⟨
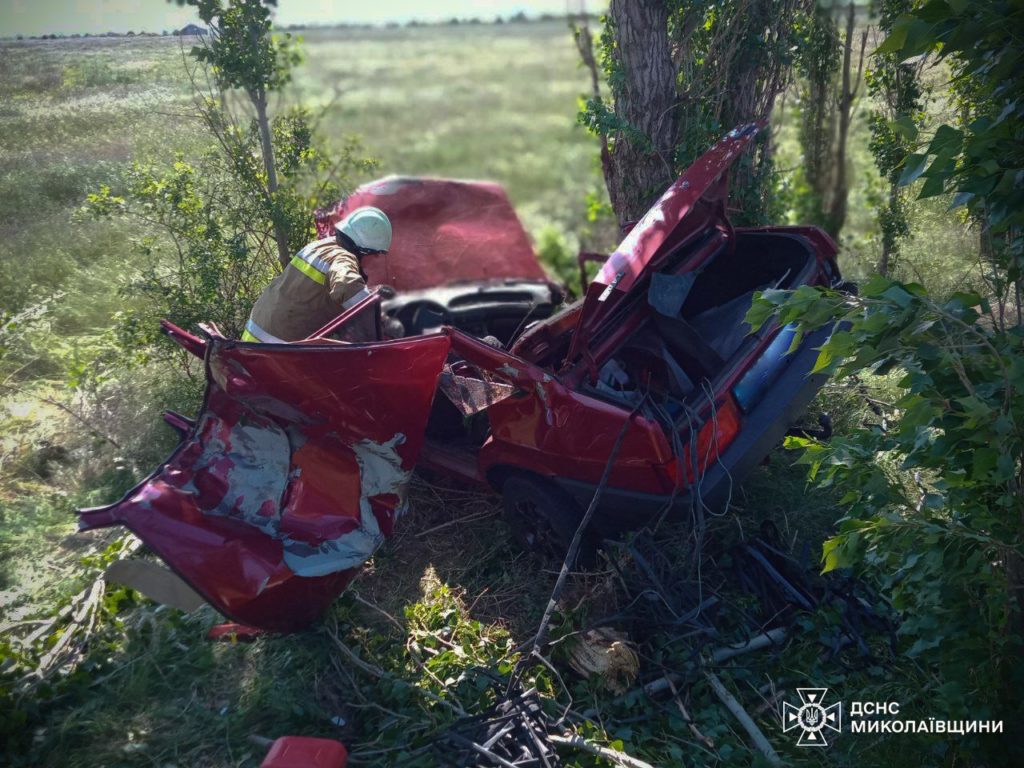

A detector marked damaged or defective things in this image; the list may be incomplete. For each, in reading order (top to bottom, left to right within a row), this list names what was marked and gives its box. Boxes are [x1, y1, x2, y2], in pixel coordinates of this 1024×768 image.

crumpled car door [79, 324, 448, 632]
detached car hood [80, 328, 448, 632]
detached car hood [316, 176, 548, 292]
destroyed red car [82, 124, 840, 632]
⟩
## Required action
The entries above are to be repeated in full, except for their pictures.

## Solution to this exercise
A detector marked damaged or defective things in this image; the list may be incomplete. For each, in reading order (top to bottom, left to right within a row), this list names what was marked and gives its box. Boxes are [x1, y1, x2, y2], in pixel coordinates of this 1024×768 image.

crumpled car door [79, 324, 448, 632]
detached car hood [80, 328, 448, 632]
detached car hood [316, 176, 548, 292]
destroyed red car [82, 124, 840, 632]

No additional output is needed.